Incidents in remote areas
When looking at the latest anonymised data in the app, we can see that while reports are coming from major cities such as London, Manchester, Bristol, Brighton and Glasgow, incidents are also now being flagged in the most remote parts of the UK.
Through Zoteria, we’ve seen that we’re able reach people from Lochgilphead in Northwest Scotland, Beaumaris in Wales and Coleriane in Ireland to Sunderland and Torquay in England.
Typically, funding for LGBTQ+ services has been concentrated on larger cities with visible and extensive LGBTQ+ communities. That means that people in remote areas don’t necessarily have access to these specialised services.
This is where Zoteria is making a difference.
How to get support
Using Zoteria, victims now have a quick route to support, no matter where they are based or what services are available in their immediate area.
Through the app, developed by Vodafone Foundation in partnership with UK LGBTQ+ anti-abuse and rights charities Galop and Stonewall, the LGBTQ+ community is able to flag an incident in minutes via a few questions in the app, either for themselves or a friend, creating an easy way to get their voice heard.
Zoteria allows the user to request remote support from Galop at the end of the process, if it’s needed.
Sadly, with psychological impact the highest consequence of an incident, followed by social-isolation, having access to such support could be critical for a victim’s wellbeing.
An issue of trust
Zoteria also provides a variety of educational content, the latest community events and soon it will share the latest news too, and the anonymised data gathered can help build a better picture of anti-LGBTQ+ hate incidents in the UK.
For example, recent data shows that most incidents are linked to a victim’s sexual orientation, followed by trans identity and gender expression and that victims flagging incidents in the app are likely to experience verbal abuse (66%), hate speech (46%) or physical abuse (13%).
According to the Government’s 2017 National LGBT+ Survey, 91% of anti-LGBTQ+ hate crime is not reported to the police.

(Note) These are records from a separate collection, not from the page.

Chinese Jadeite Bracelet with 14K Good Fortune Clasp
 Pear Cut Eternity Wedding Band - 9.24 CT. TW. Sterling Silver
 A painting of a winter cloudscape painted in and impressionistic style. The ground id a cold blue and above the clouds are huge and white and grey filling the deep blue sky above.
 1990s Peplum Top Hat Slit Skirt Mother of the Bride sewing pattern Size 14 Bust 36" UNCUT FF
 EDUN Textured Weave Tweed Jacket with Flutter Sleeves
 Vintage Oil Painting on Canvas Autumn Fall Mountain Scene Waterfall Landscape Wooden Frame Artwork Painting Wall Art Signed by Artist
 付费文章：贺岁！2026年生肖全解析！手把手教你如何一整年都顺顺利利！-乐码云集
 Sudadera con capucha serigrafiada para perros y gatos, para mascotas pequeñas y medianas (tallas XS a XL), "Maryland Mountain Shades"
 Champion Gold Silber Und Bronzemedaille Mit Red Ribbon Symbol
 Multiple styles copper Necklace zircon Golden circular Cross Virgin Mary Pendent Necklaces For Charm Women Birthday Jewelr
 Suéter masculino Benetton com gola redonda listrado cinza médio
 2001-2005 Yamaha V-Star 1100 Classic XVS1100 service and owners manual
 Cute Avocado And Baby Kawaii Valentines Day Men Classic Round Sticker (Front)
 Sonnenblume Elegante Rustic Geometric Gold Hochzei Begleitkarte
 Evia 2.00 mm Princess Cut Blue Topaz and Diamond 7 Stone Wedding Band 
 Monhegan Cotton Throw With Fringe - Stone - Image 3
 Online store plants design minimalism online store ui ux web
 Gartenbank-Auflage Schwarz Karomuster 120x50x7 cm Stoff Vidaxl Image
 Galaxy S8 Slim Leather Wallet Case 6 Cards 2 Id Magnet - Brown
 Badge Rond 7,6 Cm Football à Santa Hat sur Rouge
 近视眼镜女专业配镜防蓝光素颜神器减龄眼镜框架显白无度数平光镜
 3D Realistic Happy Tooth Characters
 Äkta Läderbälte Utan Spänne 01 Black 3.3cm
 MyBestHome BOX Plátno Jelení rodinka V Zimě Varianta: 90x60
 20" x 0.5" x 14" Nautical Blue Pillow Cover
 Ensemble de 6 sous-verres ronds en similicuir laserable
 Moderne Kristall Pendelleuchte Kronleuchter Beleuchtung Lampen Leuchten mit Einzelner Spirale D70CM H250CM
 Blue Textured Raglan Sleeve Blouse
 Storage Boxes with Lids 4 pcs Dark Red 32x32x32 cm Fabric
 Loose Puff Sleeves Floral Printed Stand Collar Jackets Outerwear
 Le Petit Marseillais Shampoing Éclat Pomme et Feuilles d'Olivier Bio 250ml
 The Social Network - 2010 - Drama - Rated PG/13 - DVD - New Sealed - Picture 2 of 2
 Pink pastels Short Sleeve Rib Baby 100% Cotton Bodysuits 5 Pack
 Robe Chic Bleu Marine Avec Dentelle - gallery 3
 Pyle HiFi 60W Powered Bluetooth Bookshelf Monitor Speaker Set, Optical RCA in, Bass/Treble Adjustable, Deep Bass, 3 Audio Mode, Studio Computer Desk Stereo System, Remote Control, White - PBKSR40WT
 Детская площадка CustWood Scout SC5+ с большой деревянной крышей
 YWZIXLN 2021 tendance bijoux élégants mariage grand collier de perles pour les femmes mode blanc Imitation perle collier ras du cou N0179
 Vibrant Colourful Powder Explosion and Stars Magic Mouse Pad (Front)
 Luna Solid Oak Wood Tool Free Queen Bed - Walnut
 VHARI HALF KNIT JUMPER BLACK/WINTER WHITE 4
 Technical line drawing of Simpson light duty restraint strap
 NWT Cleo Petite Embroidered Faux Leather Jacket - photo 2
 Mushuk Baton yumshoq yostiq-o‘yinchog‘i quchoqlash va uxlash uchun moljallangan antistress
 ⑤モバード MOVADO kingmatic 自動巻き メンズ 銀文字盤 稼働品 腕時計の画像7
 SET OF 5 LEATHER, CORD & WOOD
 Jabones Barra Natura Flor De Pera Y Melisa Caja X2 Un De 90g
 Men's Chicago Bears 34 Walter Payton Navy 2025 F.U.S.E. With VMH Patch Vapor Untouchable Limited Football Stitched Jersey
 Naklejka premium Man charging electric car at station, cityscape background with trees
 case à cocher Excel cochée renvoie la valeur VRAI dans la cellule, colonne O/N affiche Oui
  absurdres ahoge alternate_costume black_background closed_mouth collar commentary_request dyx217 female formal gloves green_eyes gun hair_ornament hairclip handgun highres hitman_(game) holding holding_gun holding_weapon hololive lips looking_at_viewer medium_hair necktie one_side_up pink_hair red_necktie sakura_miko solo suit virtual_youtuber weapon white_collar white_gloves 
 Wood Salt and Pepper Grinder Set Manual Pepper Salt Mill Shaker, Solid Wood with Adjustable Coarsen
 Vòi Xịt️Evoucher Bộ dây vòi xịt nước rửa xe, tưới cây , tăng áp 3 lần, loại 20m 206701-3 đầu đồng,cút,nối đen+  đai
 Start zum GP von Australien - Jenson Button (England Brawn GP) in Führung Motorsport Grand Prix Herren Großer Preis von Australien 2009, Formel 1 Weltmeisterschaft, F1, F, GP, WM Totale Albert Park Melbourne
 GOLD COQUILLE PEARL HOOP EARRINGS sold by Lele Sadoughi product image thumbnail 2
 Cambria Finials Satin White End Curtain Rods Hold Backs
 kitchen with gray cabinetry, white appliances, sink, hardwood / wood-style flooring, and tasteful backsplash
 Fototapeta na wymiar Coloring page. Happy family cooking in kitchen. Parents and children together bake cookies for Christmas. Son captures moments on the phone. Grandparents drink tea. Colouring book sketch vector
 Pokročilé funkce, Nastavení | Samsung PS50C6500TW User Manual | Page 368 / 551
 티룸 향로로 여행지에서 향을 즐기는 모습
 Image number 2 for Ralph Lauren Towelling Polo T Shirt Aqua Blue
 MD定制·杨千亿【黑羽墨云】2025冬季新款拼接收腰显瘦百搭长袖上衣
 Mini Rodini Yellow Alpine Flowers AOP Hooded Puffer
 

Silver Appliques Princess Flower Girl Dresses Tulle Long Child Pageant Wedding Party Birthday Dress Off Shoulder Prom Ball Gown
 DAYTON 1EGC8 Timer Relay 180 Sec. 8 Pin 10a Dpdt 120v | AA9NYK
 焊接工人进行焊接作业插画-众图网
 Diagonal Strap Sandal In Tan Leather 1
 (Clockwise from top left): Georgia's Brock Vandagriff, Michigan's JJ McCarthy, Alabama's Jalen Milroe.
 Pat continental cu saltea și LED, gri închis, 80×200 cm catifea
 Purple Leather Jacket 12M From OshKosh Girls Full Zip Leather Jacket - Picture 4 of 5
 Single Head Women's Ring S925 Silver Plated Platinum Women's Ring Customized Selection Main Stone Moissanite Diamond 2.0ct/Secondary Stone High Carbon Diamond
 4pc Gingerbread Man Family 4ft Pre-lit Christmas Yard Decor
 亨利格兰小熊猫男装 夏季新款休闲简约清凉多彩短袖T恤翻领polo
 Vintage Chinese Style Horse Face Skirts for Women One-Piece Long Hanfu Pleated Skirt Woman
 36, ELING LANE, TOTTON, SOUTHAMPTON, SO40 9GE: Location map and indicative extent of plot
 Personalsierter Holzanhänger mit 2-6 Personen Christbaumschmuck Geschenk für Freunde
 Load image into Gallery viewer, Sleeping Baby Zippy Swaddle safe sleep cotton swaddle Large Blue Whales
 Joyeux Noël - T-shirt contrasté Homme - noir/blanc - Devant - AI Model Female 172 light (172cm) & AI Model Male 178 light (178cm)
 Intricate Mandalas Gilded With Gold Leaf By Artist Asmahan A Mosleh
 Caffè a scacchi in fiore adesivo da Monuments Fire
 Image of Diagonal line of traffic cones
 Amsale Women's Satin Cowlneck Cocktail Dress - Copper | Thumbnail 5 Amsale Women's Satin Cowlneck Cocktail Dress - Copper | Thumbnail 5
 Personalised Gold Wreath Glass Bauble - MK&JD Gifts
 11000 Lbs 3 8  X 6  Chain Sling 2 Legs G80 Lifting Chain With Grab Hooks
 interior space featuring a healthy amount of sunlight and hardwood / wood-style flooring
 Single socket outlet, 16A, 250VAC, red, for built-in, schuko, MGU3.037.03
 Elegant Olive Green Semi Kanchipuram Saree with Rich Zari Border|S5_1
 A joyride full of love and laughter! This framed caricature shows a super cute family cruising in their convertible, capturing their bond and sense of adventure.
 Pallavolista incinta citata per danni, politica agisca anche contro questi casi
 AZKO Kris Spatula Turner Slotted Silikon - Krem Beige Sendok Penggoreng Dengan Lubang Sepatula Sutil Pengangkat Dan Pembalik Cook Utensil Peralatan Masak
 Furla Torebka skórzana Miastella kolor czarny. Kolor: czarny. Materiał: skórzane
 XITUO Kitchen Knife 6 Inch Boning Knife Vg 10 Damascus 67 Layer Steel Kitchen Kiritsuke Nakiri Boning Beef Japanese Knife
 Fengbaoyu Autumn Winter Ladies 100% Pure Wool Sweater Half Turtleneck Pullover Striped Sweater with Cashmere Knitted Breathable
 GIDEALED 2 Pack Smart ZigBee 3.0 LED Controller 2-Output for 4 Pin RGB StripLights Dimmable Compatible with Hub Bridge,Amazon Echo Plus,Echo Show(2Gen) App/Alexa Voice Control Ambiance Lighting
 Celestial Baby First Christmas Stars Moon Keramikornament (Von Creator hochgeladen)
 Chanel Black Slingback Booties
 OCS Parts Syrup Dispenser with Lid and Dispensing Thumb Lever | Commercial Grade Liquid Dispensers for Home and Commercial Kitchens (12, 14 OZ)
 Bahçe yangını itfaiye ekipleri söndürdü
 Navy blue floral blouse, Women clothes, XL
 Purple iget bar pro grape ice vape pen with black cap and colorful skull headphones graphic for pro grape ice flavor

Therefore, the true number of hate crimes or hate incidents (non-criminal bullying, abuse, harassment, hostility or hatred) are likely to be much higher than the latest Official Hate Crime Statistics suggest.
Zoteria aims to provide an alternative safe and easy way to flag hate incidents.
LGBT+ anti-abuse charity, Galop, says that hate crime victims often don’t know their rights, what constitutes a hate crime, or that they’re entitled to support after experiencing hate crime, but through Zoteria, victims will be able to request support and access that information.
Stonewall, the largest LGBTQ+ rights organisation in Europe, will use evidence gathered through Zoteria to advocate for better protections on hate crime against the LGBTQ+ community.
We hope that by creating a clearer picture of anti-LGBTQ+ hate incidents in the UK, we can work to better support the safety and wellbeing of the LGBTQ+ community.